While my husband reads most of the posts on this site as the administrator, he rarely weighs in. But yesterday he posted some heartfelt – and very wise - advice to a man with ADD whose wife is leaving him because she can’t take it anymore. George’s perspective as a previously badly behaving man with ADD who has successfully changed his life is worth sharing. Here’s what he says:
From the initial poster:
“Well I guess that anyone who have read my prior post know that my marriage was in danger due to my 36 years of not knowing I had ADHD, Well it won, my wife is leaving me, and to make matters worse she had a affair. I know that we must move on and to keep on our med's so we can still improve our self but I feel like my whole life is gone. Im not only losing a wife but I’m losing a family, we have to children together and I won’t be able to tuck them in every night or kiss there them when they’re hurt. I’m not sure I can survive this and its only getting worse.”
Reply from George:
You can feel sorry for yourself and blame the world and everyone for your current challenges (very easy to do in your current circumstances), or ...
You can step back and take in what happened and why, and then chart a course to correct the actions (and lack of actions) that contributed, over all these years, to your current dilemma. With a new course, you will likely be able to continue to be a father to your children and a reasonable partner to whomever you might find in the future. You need to come to grips with the fact that you didn't lose your wife, you actively and passively drove her away. You need to fully understand how your actions and inactions affect others (wife, coworkers, children, friends), and correct them. Awareness is a good start, but it sounds like from reading your and your wife's posts, that you did not quickly enough turn awareness into action.
Treating ADHD is not just being aware of the symptoms and how they manifest themselves, but treating yourself (via meds, exercise, diet) and then learning how to change behaviors that have become habits over an entire lifetime. Yes, unfortunately, meds and other ADHD "cures" allow you to start changing behaviors, but do not in and of themselves make the changes for you or start to solve most of your problems (Let me be clear - I am NOT against meds for treatment of ADHD - they are in most cases required and in many cases extremely helping in allowing you to work at changing your habits).
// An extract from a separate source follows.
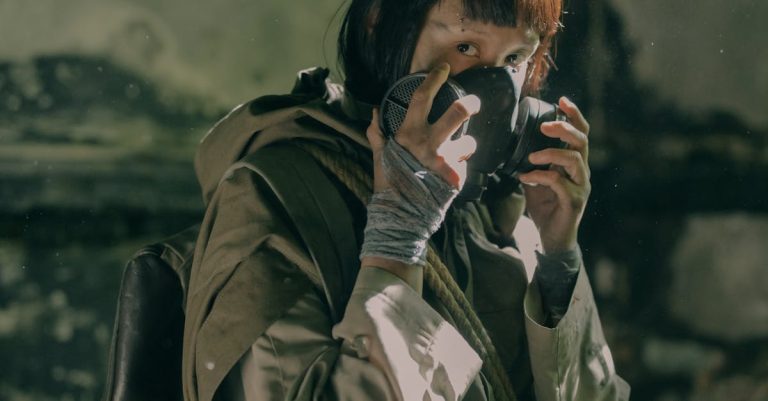 découvrez le monde fascinant des stalkers, un thème captivant explorant les motivations, les méthodes et les conséquences de ce phénomène intrigant. plongez dans une analyse approfondie des comportements obsessionnels et des dynamiques relationnelles, et apprenez à reconnaître les signes d'un stalking. informations, conseils et réflexions sur la sécurité personnelle et la prévention.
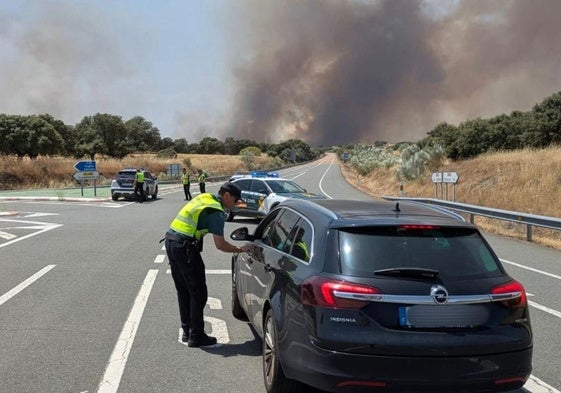 La Guardia Civil ha cortado dos carreteras entre Cáceres y Trujillo.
Who knows, if you change your behaviors and the attendant outcomes radically enough and quickly enough, your current wife might notice and change her mind before the divorce runs its course. But, that should NOT be your expectation or even your goal, it just might be a pleasant collateral outcome. If you make it your goal, your wife won't believe the effect will last (you have given her ample reasons to doubt you over many years). But you will end up as the person you want to be, the father you hope to be, and the positive ex-husband partner in raising your children. Divorce doesn't allow you to abdicate responsibility for your children, and that responsibility is best exercised when you have a positive intra- and post-divorce experience.
Your choice. Wallow in self pity (and be guaranteed the outcome you dread). Be the man you want to be, and increase the possibility of saving your current relationship (from near zero) and to ensure that any future relationships will not suffer the same fate.
Sound too harsh? Sorry. But I wish someone (besides my wife) had sat me down and read me the riot act. I could have saved one marriage, and not caused my second/current wife a decade of intense pain and anguish.
ps If you want to know what actions/inactions to change, peruse the forums here. Many partners of ADHDers have been quite clear, but their spouses don't/didn't get it. I didn't for the longest time. And get help.